However, the dollar has continued to retreat from this week’s highs at the previously mentioned 104.50 targets. While yields on the 10Y UST increased by 2.1bp to 4.121%, 2Y yields increased 2.5bp. EURUSD takes advantage of pauses and dollar’s retreat to gain ground, tentatively rising above 1.0780.

If this week I talked about the fall in German exports and the contraction of PPIs in the euro zone, as possible indicators of a fall in global demand and deflationary risks.  Data from China released today shows declines in its inflation rates not seen since 2009, and PPIs continuing to fall into negative territory, exacerbating those same global fractional risks. 

However, most analysts are not touching on this crucially important issue. perhaps we are once again anticipating the headlines to come in the coming weeks.

China has inflation rates at 14-year lows and its PPIs are negative.
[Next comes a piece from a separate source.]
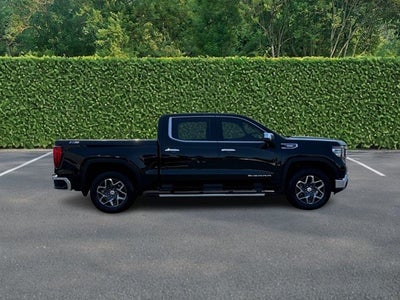 2025 GMC Sierra 1500 4WD Crew Cab 147" SLT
If this responds to falls in global demand, there will be a supply adjustment that will bring a Global Recession.

In the meantime, the concerns about Chinese market keep rising. The head of China’s securities watchdog has been removed, according to the official Xinhua news agency, and has been replaced by an experienced regulator known for taking firm action, when necessary, as policymakers attempt to stabilise the nation’s stock markets.

China has named Wu Qing, a former head of the Shanghai Stock Exchange and important deputy in Shanghai’s city government, as the new chairman of the China Securities Regulatory Commission (CSRC), succeeding Yi Huiman.

Since 2019, the Chinese markets have been engulfed in near-constant turbulence, initially due to a trade conflict with Washington and then as a result of China Evergrande, an indebted developer, collapsing amid the crisis that has ripped through the nation’s real estate sector.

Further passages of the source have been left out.